On 03/10/2011 07:55 PM, Nico Kadel-Garcia wrote:
On Thu, Mar 10, 2011 at 7:18 PM, Johnny Hughes johnny@centos.org wrote:
Why do you keep talking about a SCM system. Everything you want to know is in the SRPMS. If you want to create a git repo of them, have at it. You like SVN better, use it. CVS your thing, use that. Look for .centos files and pull them in (that and the kernel is all we change).
I work with SRPMS, not with an SCM system. I like SRPMS, they are a SCM system of their own.
Because they're really not. Patches can be altered, and .spec files altered, without any logging or notification of the change. Release numbers and revision numbers are hard-coded, not trackable.
We do not change what upstream has in their SRPMS (except when we have to) ... we don't even unpack them unless we need to change them. We submit them to mock to build. Every patch we create, every change we make, it is in the SRPM.
That's..... a pretty odd approach. Not inconceivable, but *exactly* the sort of informaiton not in the "do it yourself, it's easy" approach.
Why is this so hard to understand?
Because it's amazingly poor software management. SRPM's are binaries and make change tracking quite awkward, and rely entirely on the developer to consistently report changes in the %changelog. That's..... really awkward.
If we were maintaining changes in 2500 SRPMS per distribution (times 3 or 4 distributions), we would do it in an SCM program, but since we just BUILD the vast majority of these packages without changes, maintaining an SCM of 10,000 packages when we change less than 1% of them does not make much sense.
No, no, you'd just SCM the ones you alter, and the build system (which needed design to provide a bootstrappable environment.)
You have the SRPMS, you have example config files, you have the mock that we use, you have the script that we build the software tree with, you have the file that we use to compare RPMs with upstream. Those are what we use.
I've really been hoping for public access to the build structure. "You can do it yourself" is not as helpful as the kind of public access to build structures that Dag publishes, and has been suggesting.
The build structure is NOT necessarily a public machine. The machines that get built on do not necessarily belong to CentOS. My company, for example, provides some resources that I build on. You can not have access to my company's internal network or their machines.
Excuse me, I didn't say it should be. But access to the /etc/mock files, *in the SCM I just described*, would be helpful.
Dag changes SRPMS and source code ... we rebuild someone else's source code. That is why we don't maintain an SCM.
But you do change them! By your own admission above, you've altered 100 packages. That's plenty to justify an SCM.
Let me ask you another question about this magical SCM system that will make the world a better place.
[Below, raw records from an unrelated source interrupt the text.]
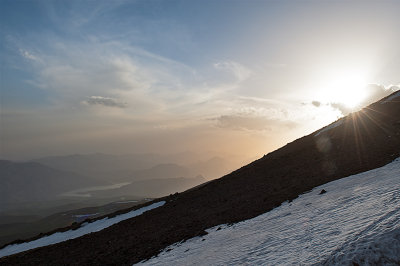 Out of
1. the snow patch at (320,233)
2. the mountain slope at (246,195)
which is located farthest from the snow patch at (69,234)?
the snow patch at (320,233)

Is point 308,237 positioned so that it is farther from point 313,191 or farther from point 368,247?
point 313,191

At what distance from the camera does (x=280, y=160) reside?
107 feet

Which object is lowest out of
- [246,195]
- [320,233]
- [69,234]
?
[320,233]

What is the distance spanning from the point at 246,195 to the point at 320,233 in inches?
578

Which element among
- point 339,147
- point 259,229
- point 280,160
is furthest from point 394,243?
point 280,160

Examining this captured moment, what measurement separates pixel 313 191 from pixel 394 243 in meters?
11.9

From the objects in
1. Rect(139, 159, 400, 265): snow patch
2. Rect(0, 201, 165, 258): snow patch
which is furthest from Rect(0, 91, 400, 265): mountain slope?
Rect(0, 201, 165, 258): snow patch

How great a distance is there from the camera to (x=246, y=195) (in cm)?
2534

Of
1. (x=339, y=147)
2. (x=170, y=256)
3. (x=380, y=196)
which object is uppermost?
(x=339, y=147)

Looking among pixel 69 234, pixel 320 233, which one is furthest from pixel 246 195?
pixel 69 234

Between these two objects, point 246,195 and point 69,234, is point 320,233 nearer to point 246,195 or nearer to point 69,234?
point 246,195

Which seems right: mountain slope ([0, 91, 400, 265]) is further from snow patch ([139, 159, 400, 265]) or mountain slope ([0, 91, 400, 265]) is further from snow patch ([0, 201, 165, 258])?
snow patch ([0, 201, 165, 258])

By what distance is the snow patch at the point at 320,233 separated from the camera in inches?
321

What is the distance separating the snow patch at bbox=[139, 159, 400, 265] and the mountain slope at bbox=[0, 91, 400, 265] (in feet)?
7.07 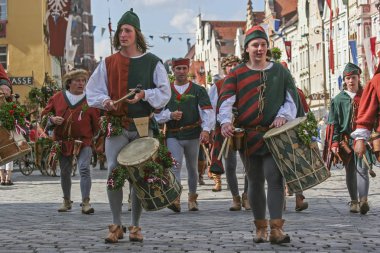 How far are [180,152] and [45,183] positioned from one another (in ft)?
31.3

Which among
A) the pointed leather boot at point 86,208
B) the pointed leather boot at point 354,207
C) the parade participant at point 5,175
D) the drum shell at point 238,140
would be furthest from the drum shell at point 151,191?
the parade participant at point 5,175

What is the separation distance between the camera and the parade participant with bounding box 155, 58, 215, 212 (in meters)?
13.3

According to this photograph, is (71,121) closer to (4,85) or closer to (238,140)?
(238,140)

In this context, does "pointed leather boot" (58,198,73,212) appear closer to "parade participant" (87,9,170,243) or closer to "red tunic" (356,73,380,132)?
"parade participant" (87,9,170,243)

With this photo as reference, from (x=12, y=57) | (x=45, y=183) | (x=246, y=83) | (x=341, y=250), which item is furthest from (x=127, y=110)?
(x=12, y=57)

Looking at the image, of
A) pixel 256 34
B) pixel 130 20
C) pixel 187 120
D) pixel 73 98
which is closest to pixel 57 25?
→ pixel 73 98

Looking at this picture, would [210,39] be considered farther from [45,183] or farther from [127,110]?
[127,110]

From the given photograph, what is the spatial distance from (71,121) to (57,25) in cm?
3772

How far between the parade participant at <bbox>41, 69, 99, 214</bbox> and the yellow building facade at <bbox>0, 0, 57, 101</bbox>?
44876mm

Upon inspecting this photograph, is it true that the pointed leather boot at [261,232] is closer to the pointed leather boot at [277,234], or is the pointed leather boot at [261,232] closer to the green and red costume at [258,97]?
the pointed leather boot at [277,234]

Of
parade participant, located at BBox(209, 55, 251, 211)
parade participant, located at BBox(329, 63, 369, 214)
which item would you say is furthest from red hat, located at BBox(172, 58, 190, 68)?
parade participant, located at BBox(329, 63, 369, 214)

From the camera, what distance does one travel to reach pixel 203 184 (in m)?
19.9

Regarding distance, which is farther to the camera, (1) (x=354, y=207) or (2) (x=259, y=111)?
(1) (x=354, y=207)

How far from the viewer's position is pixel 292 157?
28.5 ft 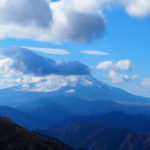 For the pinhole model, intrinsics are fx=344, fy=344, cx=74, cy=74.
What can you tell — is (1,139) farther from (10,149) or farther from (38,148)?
(38,148)

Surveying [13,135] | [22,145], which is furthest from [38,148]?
[13,135]

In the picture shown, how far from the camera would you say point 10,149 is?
583 ft

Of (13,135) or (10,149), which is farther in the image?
(13,135)

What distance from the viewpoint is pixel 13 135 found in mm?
192000

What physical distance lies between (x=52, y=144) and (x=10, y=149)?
22.0 metres

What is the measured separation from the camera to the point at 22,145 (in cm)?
17962

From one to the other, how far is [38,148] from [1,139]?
25.0 meters

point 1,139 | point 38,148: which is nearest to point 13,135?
point 1,139

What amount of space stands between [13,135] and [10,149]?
49.4 feet

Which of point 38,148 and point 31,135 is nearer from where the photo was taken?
point 38,148

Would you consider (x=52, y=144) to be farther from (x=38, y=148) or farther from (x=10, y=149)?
(x=10, y=149)

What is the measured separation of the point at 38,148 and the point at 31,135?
1784 centimetres

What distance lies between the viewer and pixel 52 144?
600 ft

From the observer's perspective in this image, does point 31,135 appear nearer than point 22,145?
No
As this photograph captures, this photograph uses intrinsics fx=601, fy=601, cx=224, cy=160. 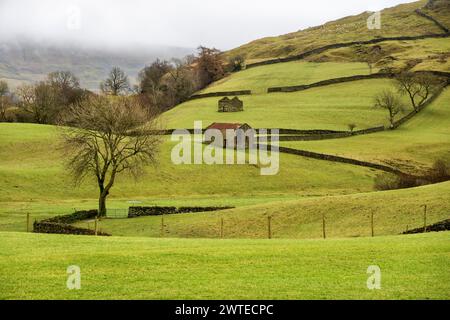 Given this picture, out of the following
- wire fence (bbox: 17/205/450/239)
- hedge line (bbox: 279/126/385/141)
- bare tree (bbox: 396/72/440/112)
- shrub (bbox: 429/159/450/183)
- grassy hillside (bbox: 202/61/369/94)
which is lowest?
wire fence (bbox: 17/205/450/239)

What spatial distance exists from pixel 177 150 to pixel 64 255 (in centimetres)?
6767

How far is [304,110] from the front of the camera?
451 feet

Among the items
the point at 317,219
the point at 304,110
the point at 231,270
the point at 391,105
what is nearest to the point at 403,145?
the point at 391,105

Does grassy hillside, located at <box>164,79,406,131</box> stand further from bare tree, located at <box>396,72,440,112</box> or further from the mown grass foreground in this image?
the mown grass foreground

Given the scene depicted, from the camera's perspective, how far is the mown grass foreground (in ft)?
68.7

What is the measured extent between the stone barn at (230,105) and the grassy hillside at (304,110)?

Lets say I import the first upstream package into the SCM as package 1. Lets do httpd as it needs changes. I install it onto our system and it gets split into a SPEC and SOURCES directory.
Now, what items would you want to pull into this magical SCM ... just the text files or also their tarballs. Or would you untar/unzip the tarballs too. (Remember we NEVER change their tarballs). Lets leave the tarballs out for now. Lets just bring in their spec file and all the text. Lets change the spec the way we want it and commit that to the SCM. Now lets add in our patches and commit that to the SCM. So far this SCM is looking great. We can use it to see the 2 patches we added and it will do the diffs for us on spec file. So far so good. (You can get exactly the same info if you run the diff -uNrp on the SPEC directory and the SOURCES directory, but still it makes sense to do this at this point).
Now, upstream releases a new package ... what do you do? Lets import it into our SCM. Hmmm ... it overwrites the spec file and removes my changes ... that's OK, I can still see them from commit 1, so I will go back and grab them from there and reapply them into the new spec file. But now, that makes the versions complicated and bringing in the new spec shows me what upstream changed, but it does not show me anything more about my changes than the first one did. During the build process, I need to add another patch and specfile change and make a commit. Now, I have 4 changes to the spec file ... which ones are mine and which ones are upstream? After about 3 or 4 cycles it is all muddled. However, if I grab any version of the upstream package and the corresponding centos version of the package and diff the SPEC and SOURCES directory of those it tells me in an instant exactly what is different from upstream. So, for the SPECs it is MUCH easier to get the info you want to know (what did CentOS roll in on package x-y-z.1) by using SRPMS than by using SCM.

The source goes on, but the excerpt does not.